That's only to 2014 in the quickLook analysis, 2015 in the detailed and 2016 haven't bothered since I already know . You can download from the DangInvestor's Research Exchange your own copy then update the rest.


----------



## ReXXar

Nice charts, you find it a good program?  I still don't quite know why, sure capex/cash flow decreased due to decrease in capex but why is that, when MND gets a new contract to build something, from what I understand and correct me if I'm wrong, they're basically a consultancy company, so for any construction projects they don't own the assets, the assets belong to the clients, so why did we see those huge capex numbers 5 years before then steadily decreasing to almost nothing now, unless they also bought many construction machinery that they need for construction and stopped buying ever since?? 

also, what is this "net op cash b4 interests to both net capex & interests"?? I don't understand this

Regards to the second chart, yes working capital has consistently increased year on year, once again? why is this so from MND's business point of view?? As far as I know this is not really a good thing.  Also you said that CA is rising, while NCA is decreasing as a proportion of total assets, that means CL is rising faster than CA, is this what you mean when you said the business is slowing down?

for the cash conversion cycle, that basically correlate directly working capital, as working capital increases cash conversion cycle also increase, which is a bad thing I think.  The cash cycle was negative in 2009, which means MND was able to collect their receivable way faster than paying to their supplier, and since then it steadily increased, as both receivable and payable days increased, with payables days rising faster than receivable days hence the increase in cash cycle, once again, why is this so??  Is MND delaying payments to their own suppliers due to their own customers delaying payments?  And if so why are all their customers delaying payments, is this some kind of industry thing?


----------



## galumay

Its typical of the cycle of mining services companies that operate in a cyclical commodity based sector.

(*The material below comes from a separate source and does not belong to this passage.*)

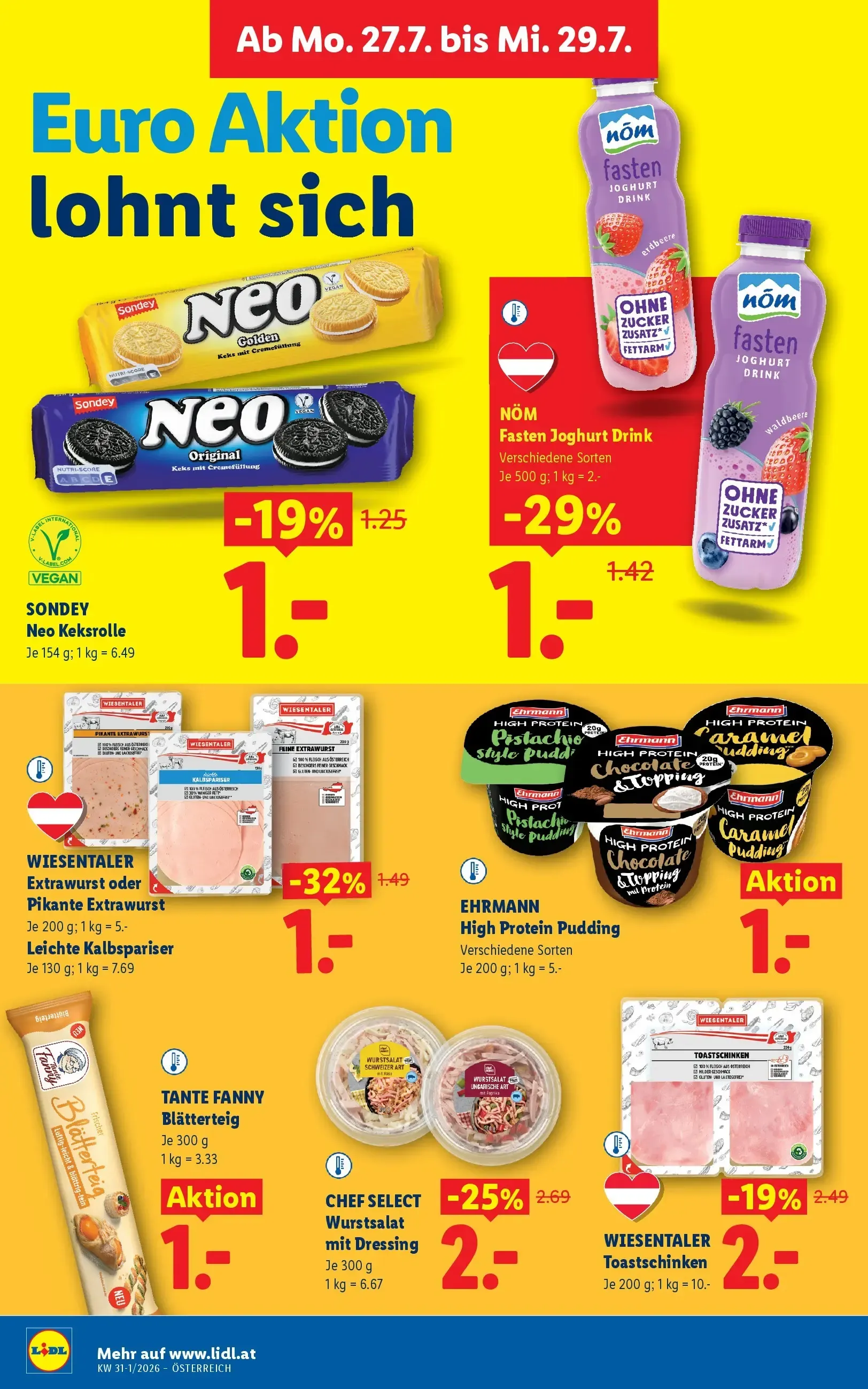 Lidl - Lidl ab 23.07.2026 - Angebote ab donnerstag von 23. Juli bis 25. Juli 2026 - Flugblätt seite 46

Capex is high in the boom times as they gear up, earth moving equipment, cranes, drilling rigs, and all the Capex associated with expanding workforce and worload.

As the boom came to a close obviously Capex dropped as the work stopped rolling in and costs needed to be reduced, employee numbers dropped, no new equipment was bought and some was sold off.

I havent bothered to look at the cash cycle stuff as generally its not a metric i consider in valuation, but I would assume its also related to the nature of the business and sector.


----------



## luutzu

ReXXar said:


> Nice charts, you find it a good program?  I still don't quite know why, sure capex/cash flow decreased due to decrease in capex but why is that, when MND gets a new contract to build something, from what I understand and correct me if I'm wrong, they're basically a consultancy company, so for any construction projects they don't own the assets, the assets belong to the clients, so why did we see those huge capex numbers 5 years before then steadily decreasing to almost nothing now, unless they also bought many construction machinery that they need for construction and stopped buying ever since??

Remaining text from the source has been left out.